The trial for the eight remaining defendants accused in the gang-related torture and slaying of a Santa Maria man has been postponed several months so defense attorneys — and one of the accused now representing himself — can better prepare and sift through thousands of pages of evidence.
Originally scheduled to start in May, the trial for those indicted in the slaying of Anthony Ibarra, 28, on March 17, 2013, has been continued until Nov. 17.
The ruling by Superior Court Judge Rick Brown last week follows several motions from defense attorneys who are still struggling to go through 11,000 pages of material and 60-plus hours of audio and video tapes during discovery.
Defense attorney Tom Allen, who is representing Reyes Gonzalez, said he has barely dented the massive amount of evidence despite having a paralegal and investigator help peruse the material — more of which keeps arriving.
Allen said he filed what’s been the first continuance request in the case, along with defense attorneys Addison Steele (representing Anthony Solis) and David Bixby (representing David Maldonado), all of whom are currently on trial in other criminal cases or scheduled to be soon.

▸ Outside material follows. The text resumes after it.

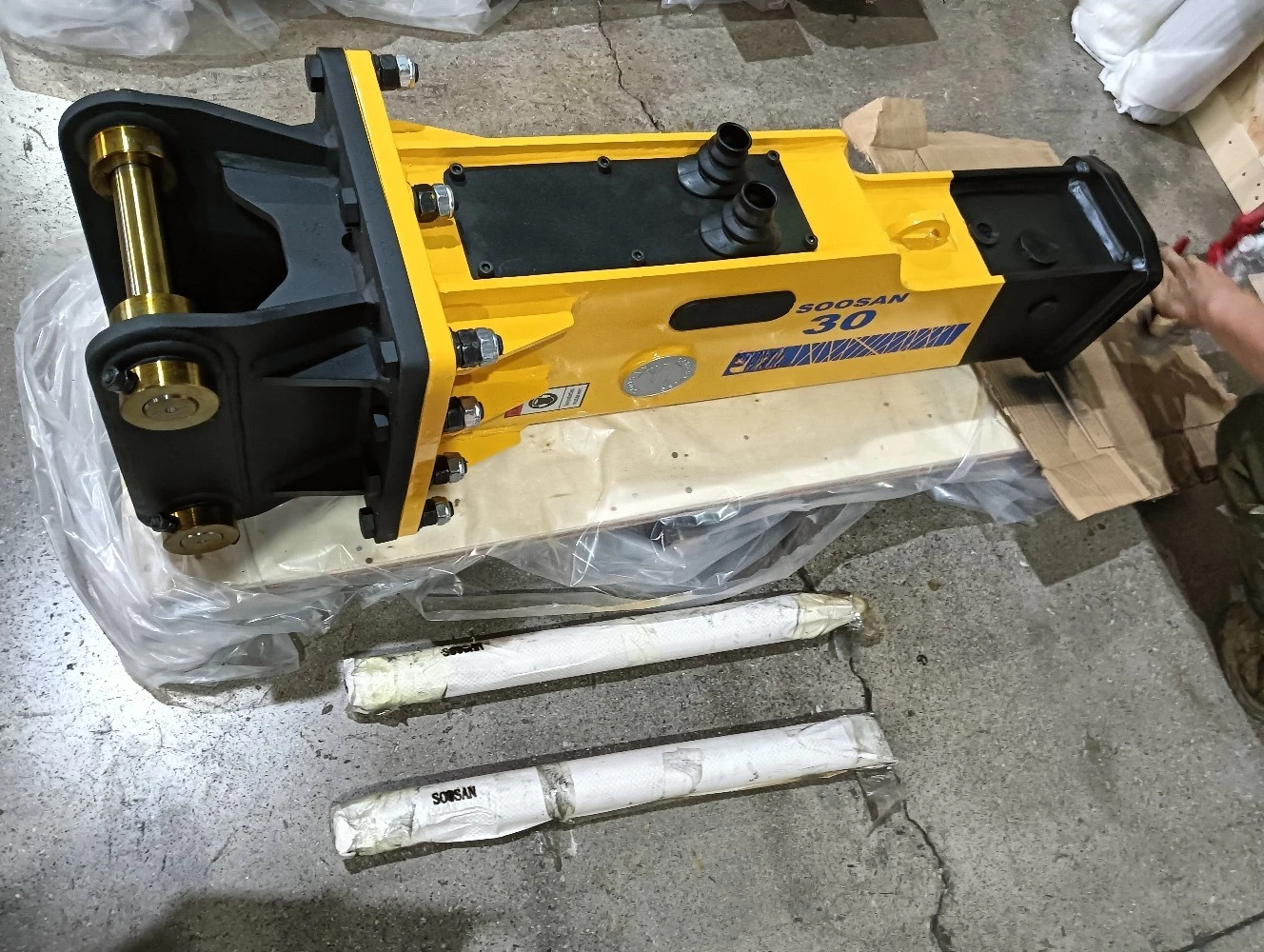 For the Soosan Sb30 hydraulic hammer crusher with core engine components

“We’re continuing to get new information,” Allen told Noozhawk. “It would not be fair to try this case without obviously having all the defense attorneys No. 1 available, and No. 2 prepared.”
Along with the continuance, Brown granted defendant Ramon Maldonado’s request to represent himself during trial instead of his attorney, Michael Scott.
Allen said he’s unsure what effect that might also have on timing for the trial, since a bulk of the discovery information is under a protective order and can’t be shared inside Santa Barbara County Jail, where all eight defendants remain.
The defendants are next due back in Santa Barbara Juvenile Court — where proceedings are being held because of the large number of attorneys, etc. — on May 23 so attorneys can provide an update regarding discovery, and so the judge can determine whether an order should be issued to clear the attorneys’ schedules of other trials once the Ibarra trial begins, likely lasting through next February, Allen said.
Maldonado will be back in court sooner on March 27 regarding some motions he wants to file, said Senior Deputy District Attorney Ann Bramsen.
“It’s rare that homicide cases get to trial within a couple years,” Allen said. “It isn’t trying to delay to throw things. It’s to make sure, from a defense perspective, that we have done everything we can to represent our clients.”
Details involving the murder of Ibarra were revealed in a 932-page grand jury transcript that was obtained by Noozhawk in partnership with KEYT.
Several defendants face life in prison without parole if convicted.